Hi Everyone,
I'm a newbie, and I really need to chat with people who are suffering from Parkinsons so I can better understand what my husband Ray is going through. I can see the tremors; I can see the deterioration in reactions; I can see the slowing down of physical movement; I know of his fear of falling; I can hear his voice becoming indistinct; I am aware of his memory failing; I am afraid!
This person who I married for better or for worse, has suffered for years with an arthritic disease called ankylosing spondylitis (arthritis of the spine). Unfortunately for him it has progressed to it's "nth" degree. This means that all his bones from his pelvis to his cranium have become completely solidified, no movement at all.
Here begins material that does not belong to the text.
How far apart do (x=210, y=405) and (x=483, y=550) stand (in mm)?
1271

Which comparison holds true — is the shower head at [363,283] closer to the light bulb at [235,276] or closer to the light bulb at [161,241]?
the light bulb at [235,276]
He is stuck in the shape of a candy cane, as the spine bends as the disease takes over. This has limited his movements so much that he uses 2 canes to shuffle around with, or a wheelchair when out and about. Now, he also has PD to contend with, and for some reason he appears to have become very content to allow this dastardly disease to take over his very limited mobility. I am at my wits end as to how to motivate him to please try to help himself, as this is the part of Parkinsons I do not understand. I am older than my husband, and although I've kept myself pretty healthy my joints are worn out. I already have had a knee and hip replacement, and am going to have the other knee done this year. However, it's my husband who I'm concerned about, so if there is anyone out there who can give me an idea of what it's like to live with this disease themselves, I'd be very appreciative of all responses.